Notes to the condensed consolidated interim financial statements
For the three months ended March 31, 2025 and 2024
(Expressed in Canadian dollars unless otherwise noted)
20. | Financial instruments (continued) |
Equity Investments in Digital Assets at FVTPL (“Equity Investments”)
During Q2 2024, the Company invested $238,090,603 (US$173,814,136) to acquire interests in two entities (one set up to hold SOL and AVAX and the other set up to hold SOL) acquired from a bankrupt estate. Management used the net asset values as determined by the entities managers and applied a 25% discount for lack of marketability. As at March 31, 2025, a +/- 10% change in the fair value of the Equity Investments will result in a corresponding +/- $22,617,510 change in the carrying amount (December 31, 2024 - $37,040,893).
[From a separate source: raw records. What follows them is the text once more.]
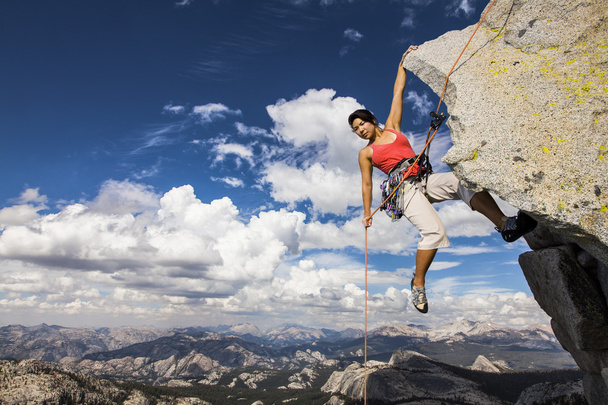 Rock climber clinging to a cliff. - Photo, Image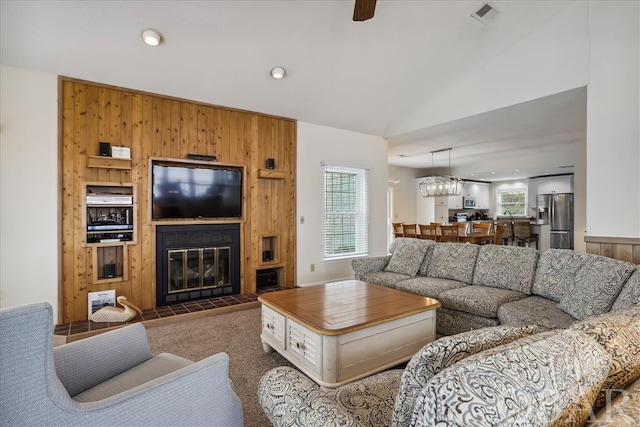 carpeted living area featuring visible vents, a tile fireplace, vaulted ceiling, wood walls, and recessed lighting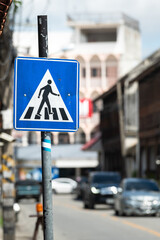 A pedestrian crosswalk signpost symbol in blue and triangle logo on the street with city as blurred background. Transportation sign object photo.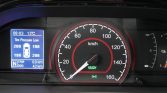 Car dashboard with a large speedometer (0–160 km/h) and a blue info display showing tire pressure warnings and trip data, ready indicator lit in green, date/time on left panel, fuel gauge on right edge.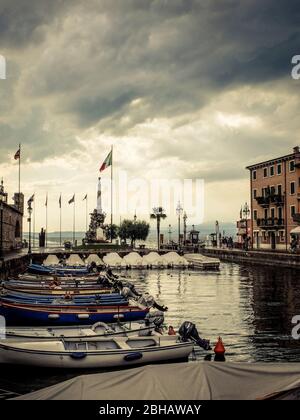 Lake Garda: Port of Lazise with a dramatic sky after a thunderstorm Stock Photo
21. | Digital asset risk |
(a) | Digital currency risk factors: Risks due to the technical design of cryptocurrencies |
The source code of many digital currencies, such as Bitcoin, is public and may be downloaded and viewed by anyone. As with all code, there may be a bug in the respective code which is yet to be found and repaired and can ultimately jeopardize the integrity and security of one or more of these networks.
Should miners for reasons yet unknown cease to register completed transactions within blocks which have been detached from the block chain, the confidence in the protocol and network will be reduced, which will reduce the value of the digital currency associated with that protocol, and the ETP payable balances that are valued with reference to the respective digital asset.
Protocols for most digital assets or cryptocurrencies are public open-source software, they could be particularly vulnerable to hacker attacks, which could be damaging for the digital currency market and may be the cause for investors to choose other currencies or assets to invest in.
(b) | Digital currency risk factors: Ownership, Wallets |
Rather than the actual cryptocurrency (which are “stored” on the blockchain), a cryptocurrency wallet stores the information necessary to transact the cryptocurrency. Those digital credentials are needed so one can access and spend the underlying digital assets. Some use public-key cryptography in which two cryptographic keys, one public and one private, are generated and stored in a wallet. There are several types of wallets:
- | Hardware wallets are USB-like hardware devices with a small screen built specifically for handling private keys and public keys/addresses. |
- | Paper wallets are simply paper printouts of private and public addresses. |
- | Desktop wallets are installable software programs/apps downloaded from the internet that hold your private and public keys/addresses. |
- | Mobile wallets are wallets installed on a mobile device and are thus always available and connected to the internet. |
- | Web wallets are hot wallets that are always connected to the internet that can be stored in a browser or can be “hosted” by third party providers such as an exchange. |
(c) Digital currency risk factors: Political, regulatory risk and technology in the market of digital currencies
The legal status of digital currencies, inter alia Bitcoin varies between different countries. The lack of consensus concerning the regulation of digital currencies and how such currencies shall be handled tax wise causes insecurity regarding their legal status. As all digital currencies remain largely unregulated assets, there is a risk that politics and future regulations may negatively impact the market of digital currencies and companies operating in such market. It is impossible to estimate how politics and future regulations may affect the market. However, future regulations and changes in the legal status of the digital currencies is a political risk which may affect the price development of the tracked digital currencies.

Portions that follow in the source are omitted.